Africa.

Of this country the most important wines of the present are, perhaps, Pontac, Hanepoot, Frontignac, and Drakenstein. On the wines of the Cape of Good Hope, Dr. Edward Kretschmar is a great authority. Kokwyn, made from Muscat grapes, resembles Malaga. The best dry white wines, called Cape Hocks, are produced in the village of Paarl. The Constantias, so called from the wife of the Dutch governor, Van der Stell, are of three kinds. These excellent sweet wines are too frequently falsified and adulterated before reaching the palate of the English consumer. A red wine, called Rota, is made at Stellenbosch. Cape Madeira is a boiled and mixed wine. Stein wine is excellent when old. Red Cape, when drunk in the country, is a “sound, good wine,” says Cyrus Redding.[19] The wine of Morocco is chiefly made by the Jews; it is light, acid, and will not keep. In Tetuan a wine is made nearly equal, according to Cyrus Redding, to the Spanish wine of Xeres. Palm wines are, of course, common. The people of Cacongo prepare a wine called Embeth, and those of Benin Pali and Pardon. The Caffres make a wine called Pombie, from millet or Guinea corn.[20] In Congo they drink a wine called Milaffo, which will not keep beyond three days.

Of the many wines produced at Algiers, the best is probably the white wine of Mascara, situated on a slope of the plane of Egbris, 1,800 feet above the sea level.
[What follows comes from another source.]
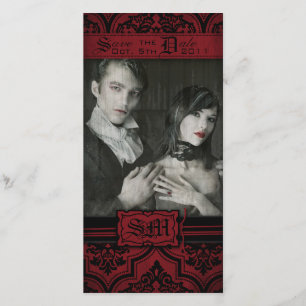 Tarjeta fotográfica SD Vampire Bride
The Arabic name of the place is a corruption of Umm-al-asakir, or the Mother of Soldiers. The wine is the principal industry of Algiers. It is eagerly bought up by agents of Bordeaux houses. Wines of inferior quality are made at Boue, Tlemcen, Medeah, and Milianah. The wines of Oran are said to resemble the small wines of Languedoc. In ancient times the valley of the Nile produced the wines of Mareotis, Mendes, Koptos, and Arsinoe, and its Delta the liqueur wine of Sebenytus.